Legislators Consider Insurance Subsidy For New Teachers
Paying health insurance premiums for new public school employees during their first two years of employment and then gradually decreasing the subsidy over the next three years could shore up a system that has lost too many young and healthy participants in recent years.
The idea, advanced by Rep. Bill Gossage, R-Ozark, could benefit the public school employee health fund by more than $10 million by 2021, according to a study by Cheiron, a financial analyst and actuarial consulting firm.
Cheiron’s findings were presented Tuesday by Bob Alexander, executive director of the state Employee Benefits Division, to the State & Public School Life and Health Insurance Task Force, a legislative committee of which Gossage is a member. Cheiron’s analysis noted that “there is a great deal of uncertainty around these figures.”
The task force has been meeting to find ways to strengthen insurance offerings for both state employees and public school employees – particularly school employees, whose system has seen higher and higher rates in recent years that have been driving younger, healthier participants to other providers.

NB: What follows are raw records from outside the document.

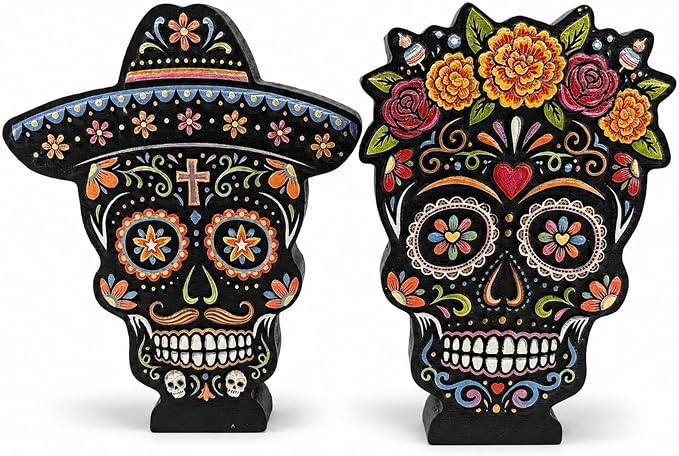 2 Pcs Sugar Skull Figurines, Day of The Dead Ofrenda Decorations - skull figurine
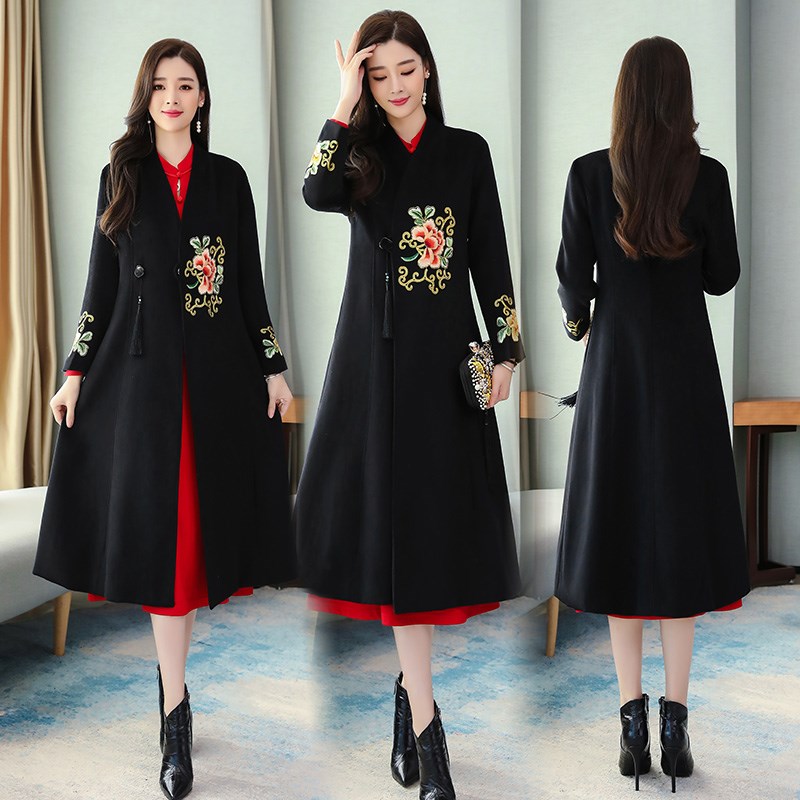 Chinese Traditional Tang suit long sleeve women's elegant Tops fall/winter festive vintage ethnic clothing Chinese cheongsam jacket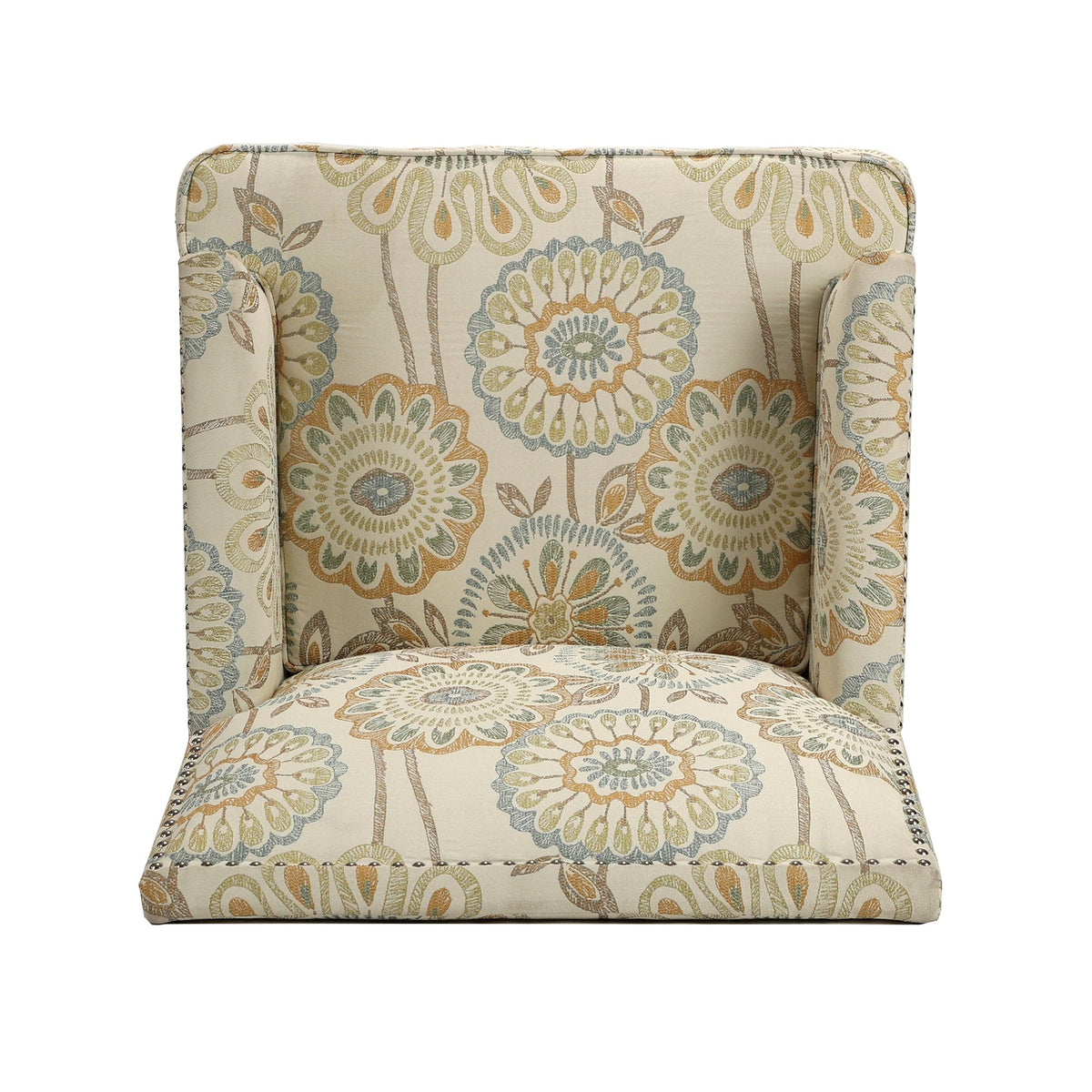 THE FURNITURE CO. Accent Chair Squared Floral Beige and Yellow Fabric Accent Chair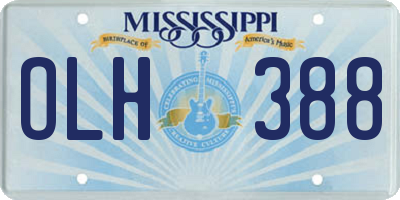 MS license plate OLH388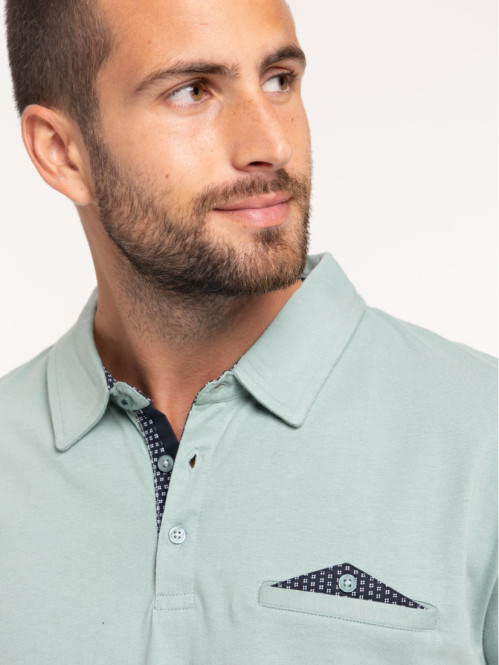 Polo coloris bleu amande homme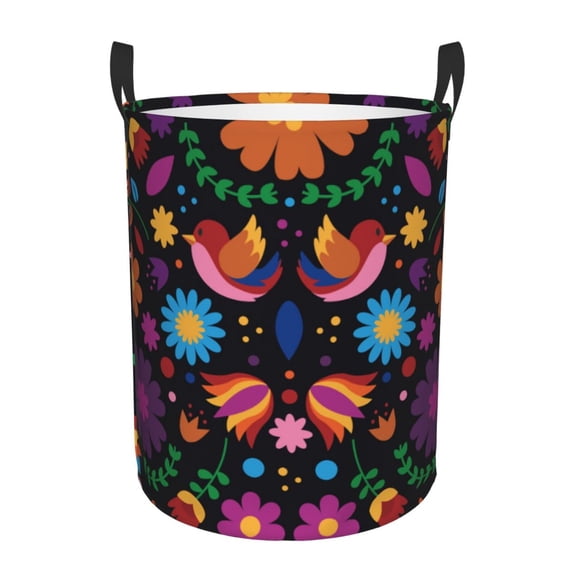 Daiia colorful Floral2 Laundry Hamper With Handles Large Storage Basket/Toy Organizer/Dirty Clothes Collapsible Waterproof For College Dorms, Bedroom,Bathroom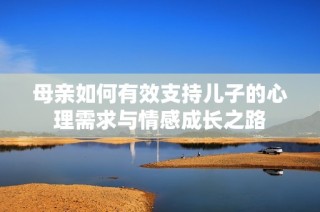 母亲如何有效支持儿子的心理需求与情感成长之路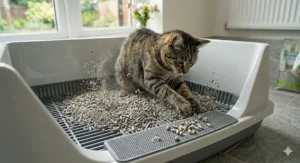 Close-up of cat digging inside a high-sided tray to prevent spillages.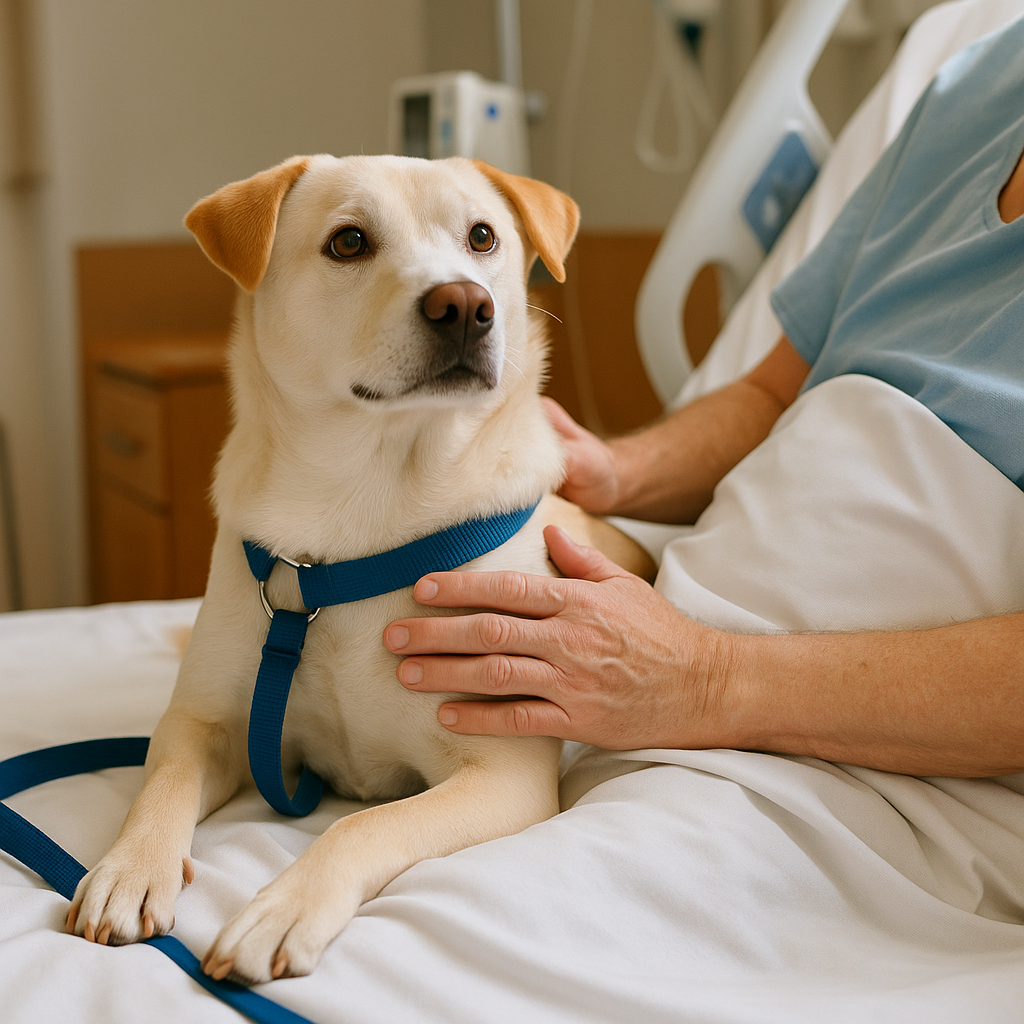 Top Rescue Dog Transformations
Rescue dog visiting hospital as therapy dog, symbolizing recovery and compassion.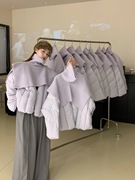 韩国东大门2023冬装可拆卸针织披肩棉服服休闲圆领外套两件套潮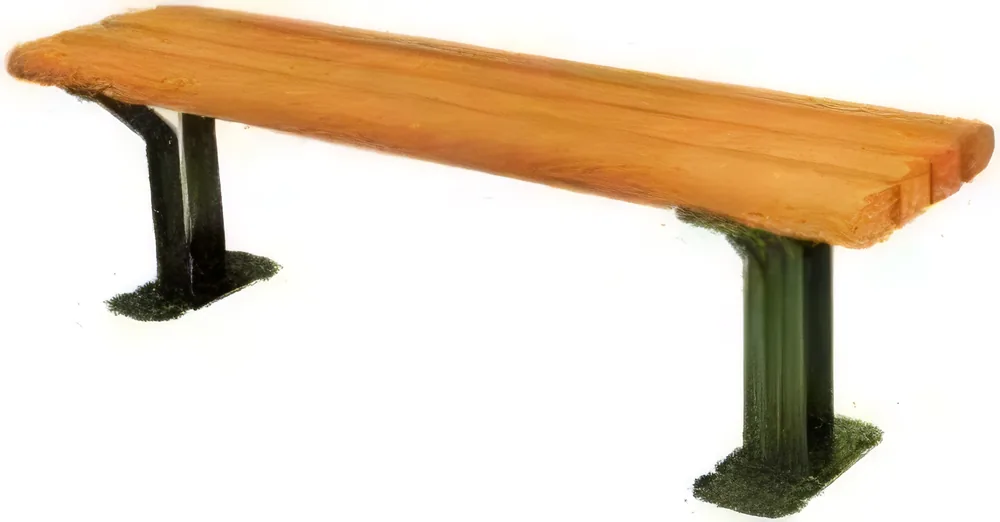 Banco de exterior de WPC sin respaldo con pata en T, 45 cm de alto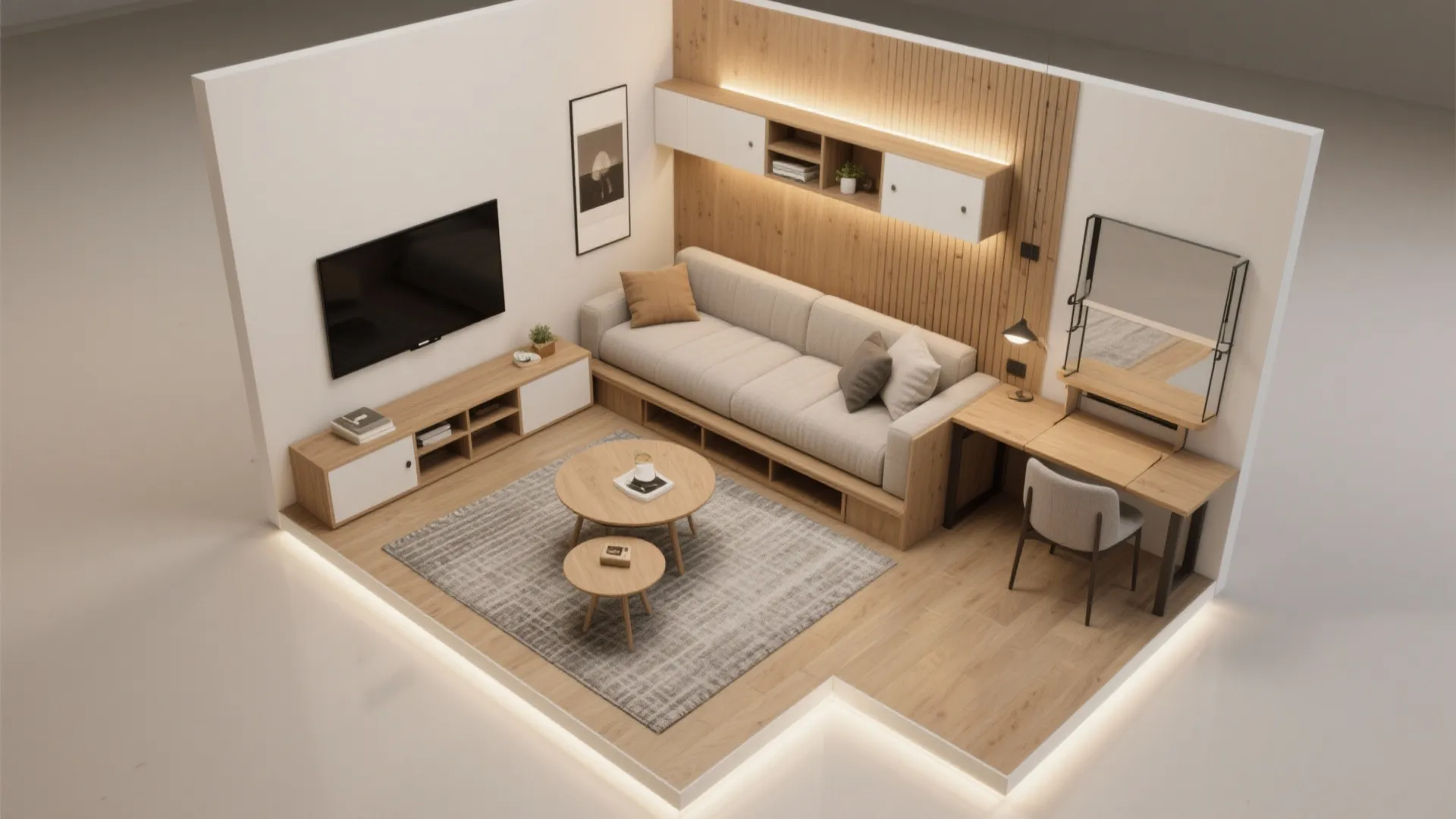 Flexible furniture that creates zones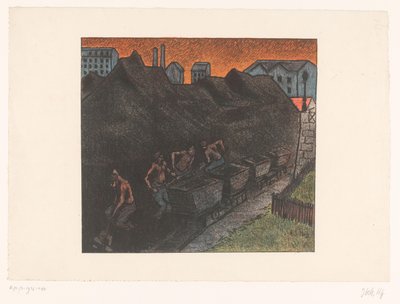 Quattro minatori che caricano carbone nei carri da Henri Gabriel Ibels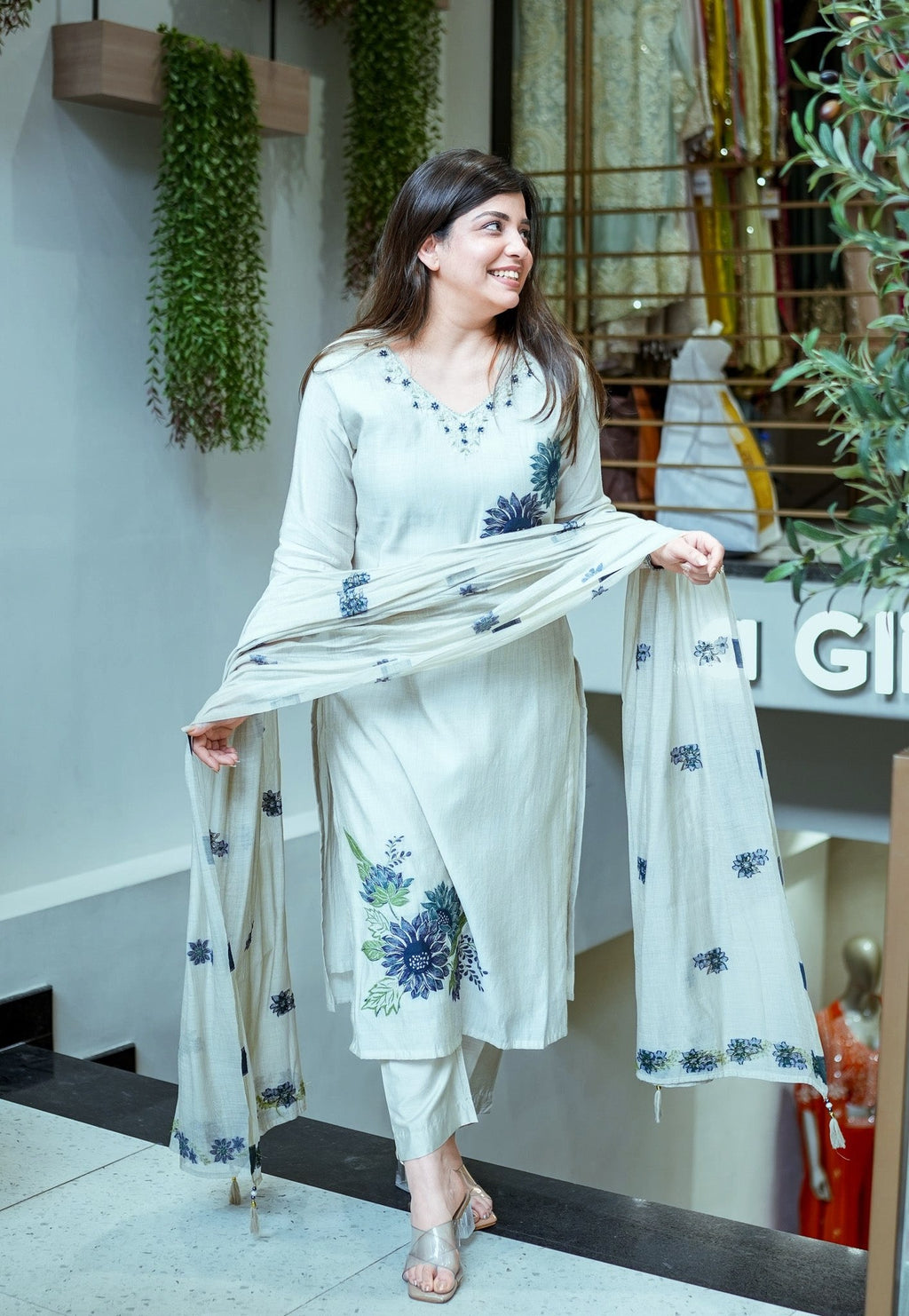 Summer Special Pure Lilan Top Pant Dupatta Set for Women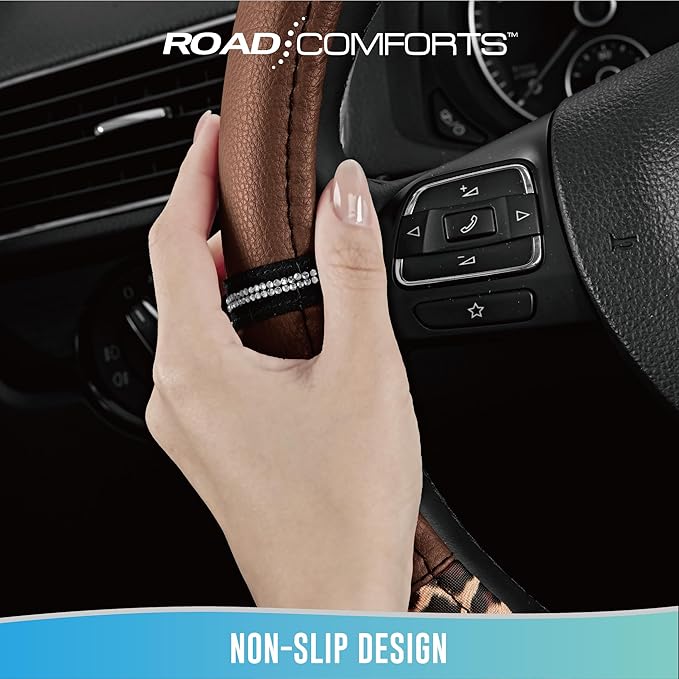 Road Comforts Leopard Steering Wheel Cover - Made with PVC Leather Cheetah Print - Anti-Slip, Universal Fit 14 1/2 inches to 15 inches - Brown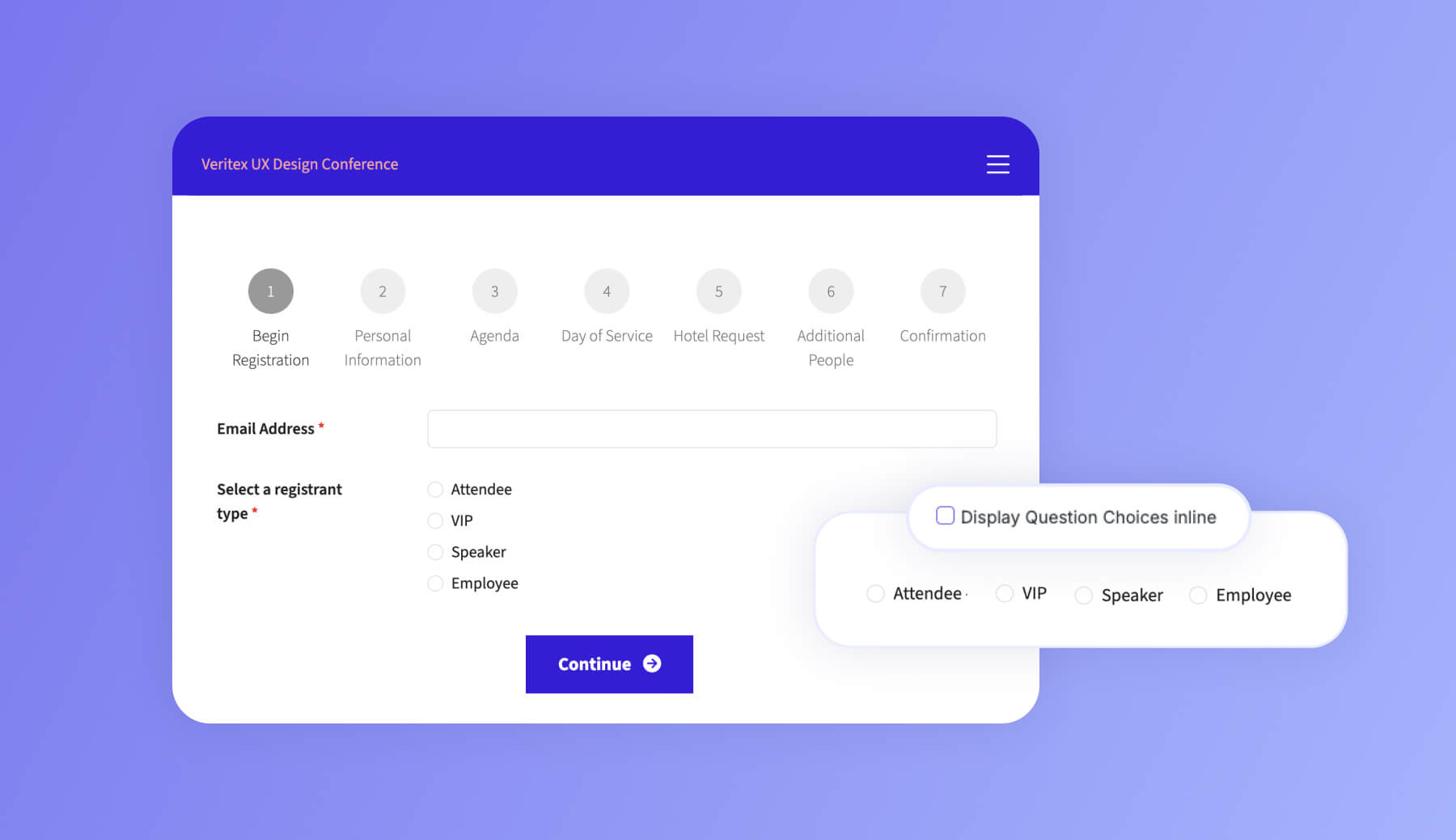 horizontal setting for radio button or checkbox form field types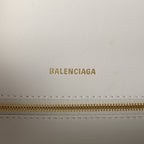 Balenciaga Calfskin Crocodile Embossed Small Hourglass Top Handle Bag White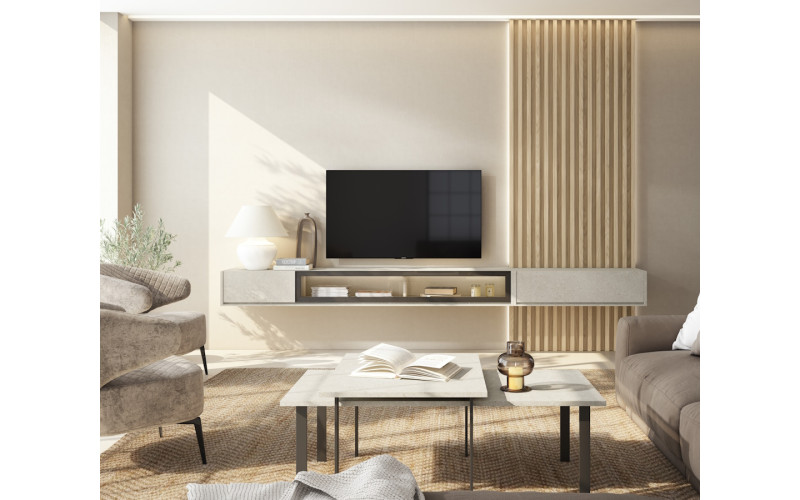 Mueble de salón moderno con módulos TV colgados y panel alistonado con iluminación LED, aporta calidez y estilo.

Gossage’s idea would subsidize 100% of insurance premiums of $179 per month for school employees during their first two years of employment, 75% in year three, 50% in year four, and 25% in year five. That would add a group of young, healthy employees to the risk pool who wouldn’t file many costly claims. Hopefully, they would remain in the system once the subsidy ends, paying into the fund when they are still young and healthy, officials hope.
By 2021, about $22.2 million in insurance premiums would be subsidized, but employee claims would be projected to cost $11.8 million, creating a net positive of $10.4 million. School districts would be contributing $8 million to the premiums of the extra employees.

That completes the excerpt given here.